Improving the stratification of intermediate risk prostate cancer
Recommended Citation
Nocera L, Collà Ruvolo C, Stolzenbach LF, Deuker M, Tian Z, Gandaglia G, Fossati N, Abdollah F, Suardi N, Mirone V, Graefen M, Chun FK, Saad F, Montorsi F, Briganti A, and Karakiewicz PI. Improving the stratification of intermediate risk prostate cancer.

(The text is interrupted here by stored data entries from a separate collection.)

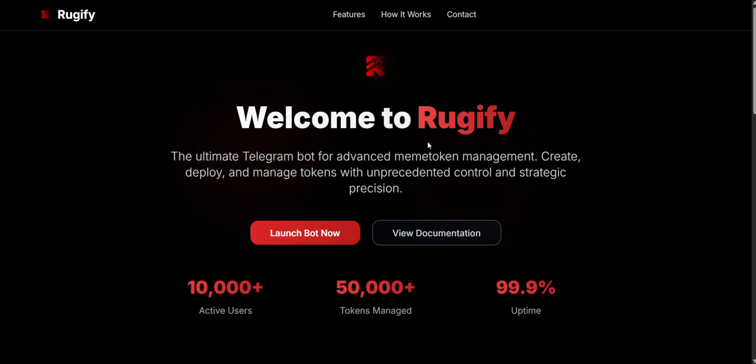In today's video, I'm going to show you Rugify, an automatic trading bot with rug pull protection. Let's get started.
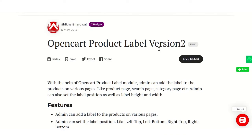Hello and welcome to the tutorial of OpenTrad product label module. This module allows the admin to add labels to the products on various pages like product page, search page, category page, comparison page, etc.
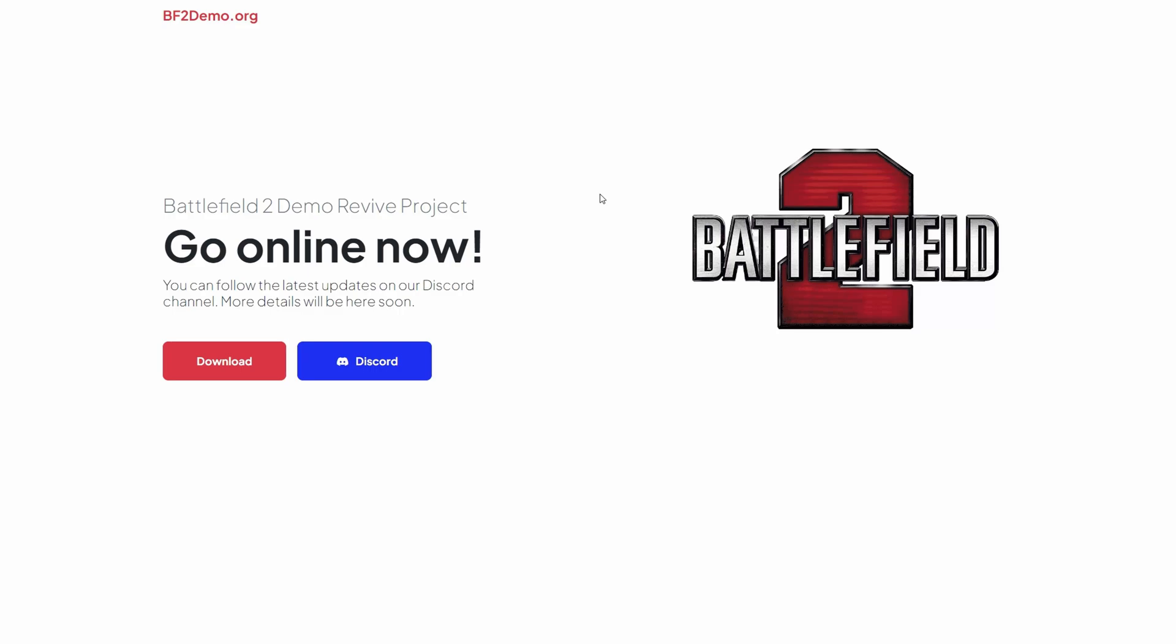We've got brand new news that the BF2 demo revive project is back. It was a project that was alive a few years ago, and then it wasn't available, but the creator has brought it back while the BF2 hub is down for players to enjoy the game and demo while we're waiting for that to come back.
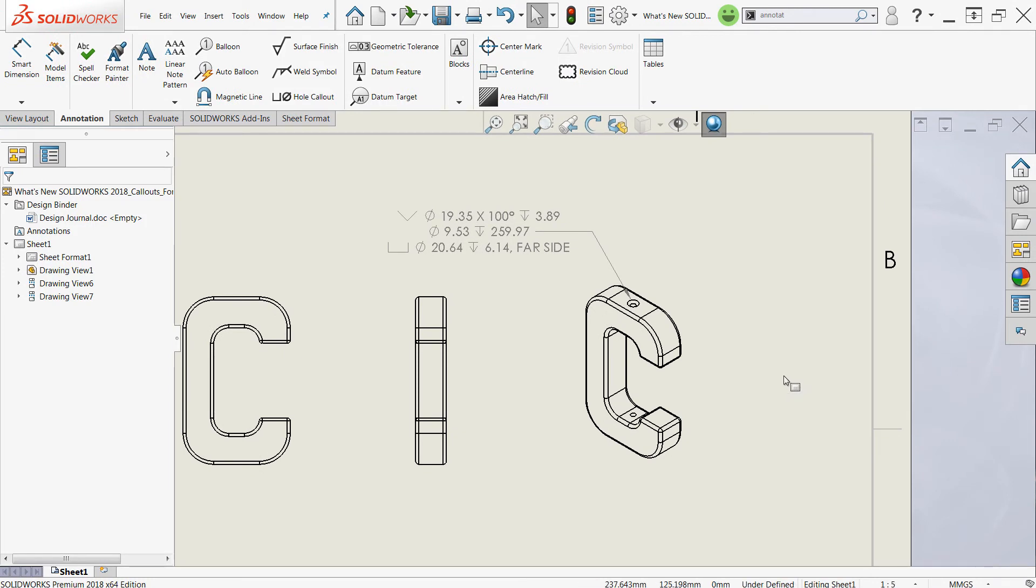If you would like additional information on how to use the advanced hole command for creating those, be on the lookout for some of our additional videos on advanced holes.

Minerva Urol Nephrol 2021.
Document Type
Article
Publication Date
4-22-2021
Publication Title
Minerva Urol Nephrol
Abstract
BACKGROUND: Intermediate risk prostate cancer (IR PCa) may exhibit a wide array of phenotypes, from favorable to unfavorable. NCCN criteria help distinguishing between favorable versus unfavorable subgroups. We studied and attempted to improve this classification.
METHODS: Within the SEER database 2010-2016, we identified 19,193 IR PCa patients treated with radical prostatectomy. A multivariable logistic regression model predicting unfavorable IR PCa was developed and externally validated, in addition to a head-to-head comparison with NCCN IR PCa stratification.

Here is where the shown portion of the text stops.